Short text fragments from websites
• • •
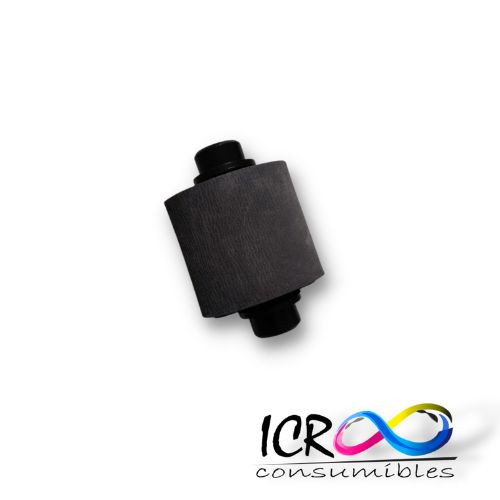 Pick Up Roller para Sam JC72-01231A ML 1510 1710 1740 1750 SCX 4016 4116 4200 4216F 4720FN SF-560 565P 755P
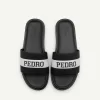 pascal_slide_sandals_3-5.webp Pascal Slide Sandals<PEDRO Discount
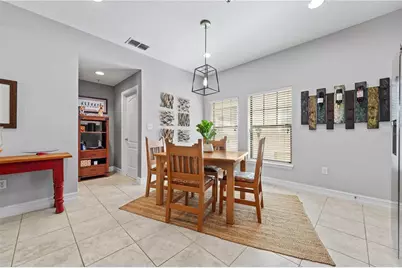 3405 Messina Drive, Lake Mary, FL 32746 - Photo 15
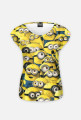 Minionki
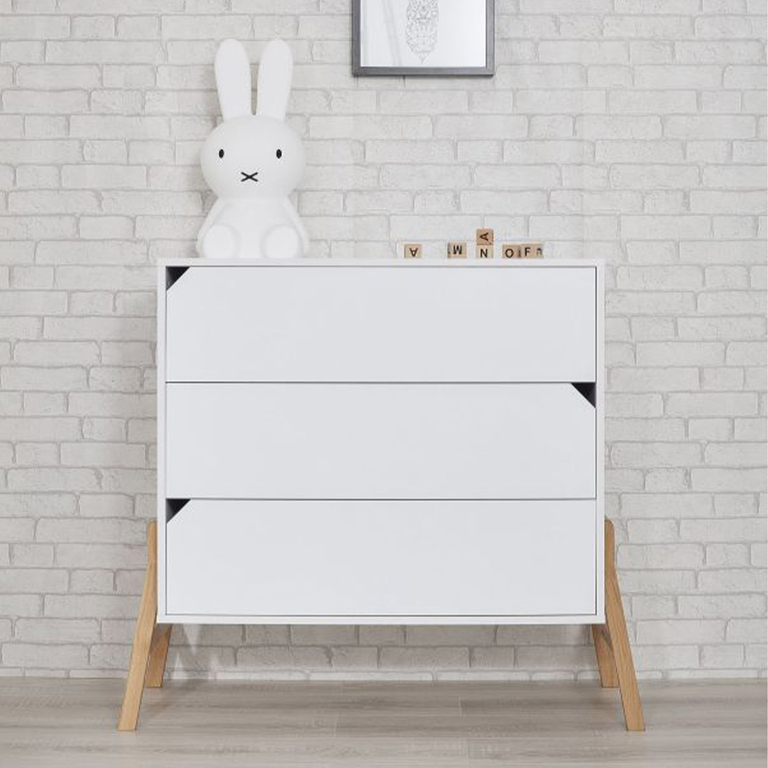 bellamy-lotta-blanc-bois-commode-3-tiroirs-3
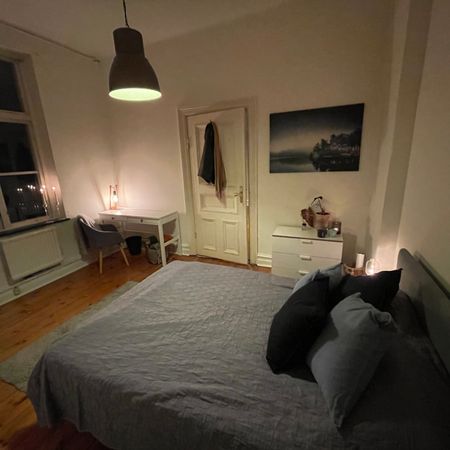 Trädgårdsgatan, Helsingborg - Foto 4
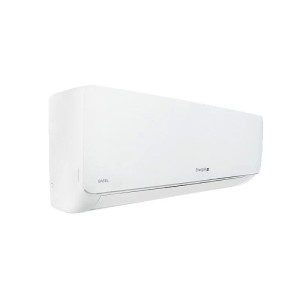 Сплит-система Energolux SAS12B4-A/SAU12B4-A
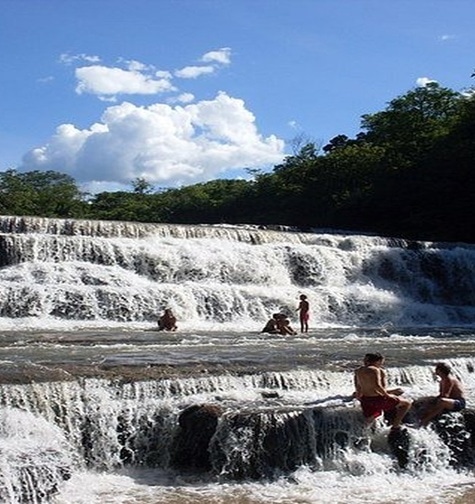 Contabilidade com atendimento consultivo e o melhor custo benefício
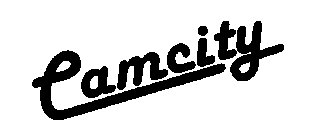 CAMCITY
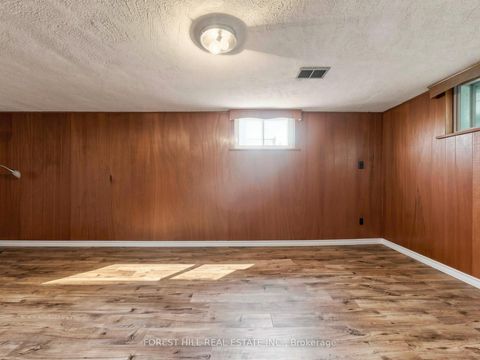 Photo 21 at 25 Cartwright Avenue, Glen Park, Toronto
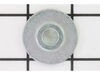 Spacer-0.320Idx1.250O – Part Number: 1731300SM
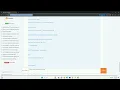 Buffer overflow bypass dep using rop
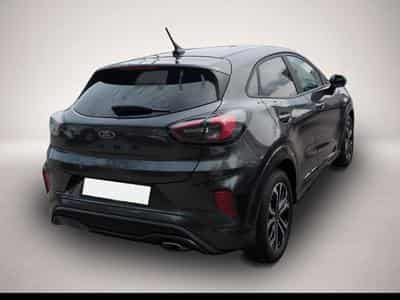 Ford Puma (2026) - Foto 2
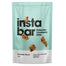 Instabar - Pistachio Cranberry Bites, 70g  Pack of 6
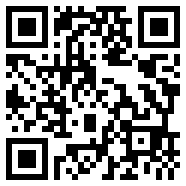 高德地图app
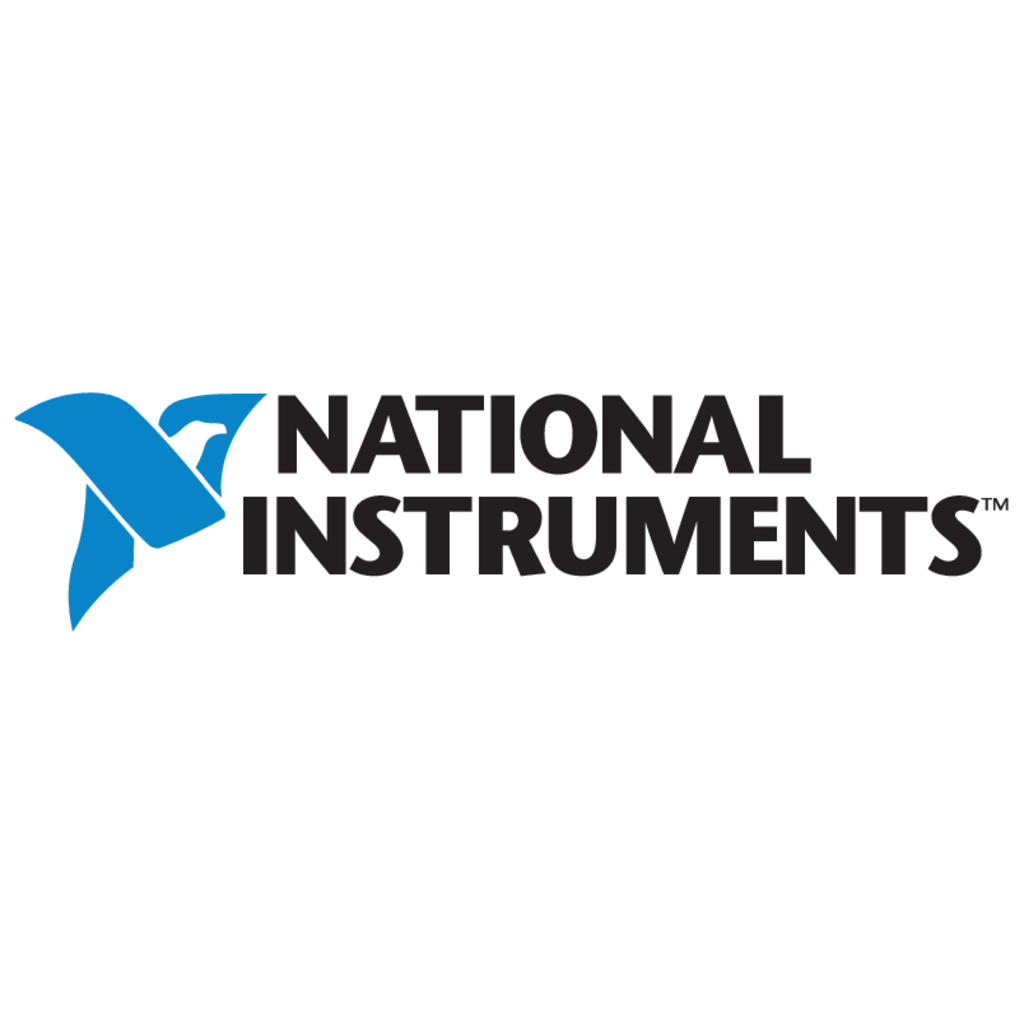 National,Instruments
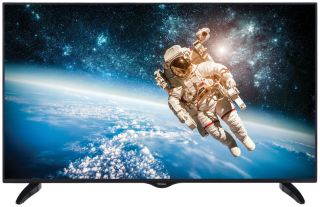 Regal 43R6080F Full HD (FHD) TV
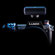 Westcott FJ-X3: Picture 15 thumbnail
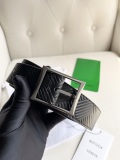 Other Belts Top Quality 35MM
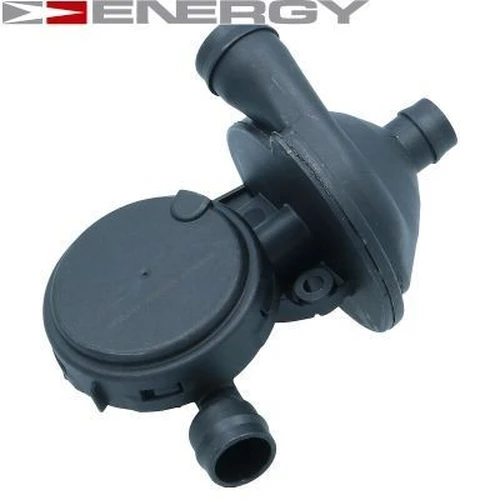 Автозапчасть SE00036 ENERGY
• • •
Your answer must consist solely of the lines from the one containing "Ford Puma (2026) - Foto 2" through the last line of the records above, copied exactly, with every picture left out.

# Task output
 Ford Puma (2026) - Foto 2
 Instabar - Pistachio Cranberry Bites, 70g  Pack of 6
 高德地图app
 National,Instruments
 Regal 43R6080F Full HD (FHD) TV
 Westcott FJ-X3: Picture 15 thumbnail
 Other Belts Top Quality 35MM
 Автозапчасть SE00036 ENERGY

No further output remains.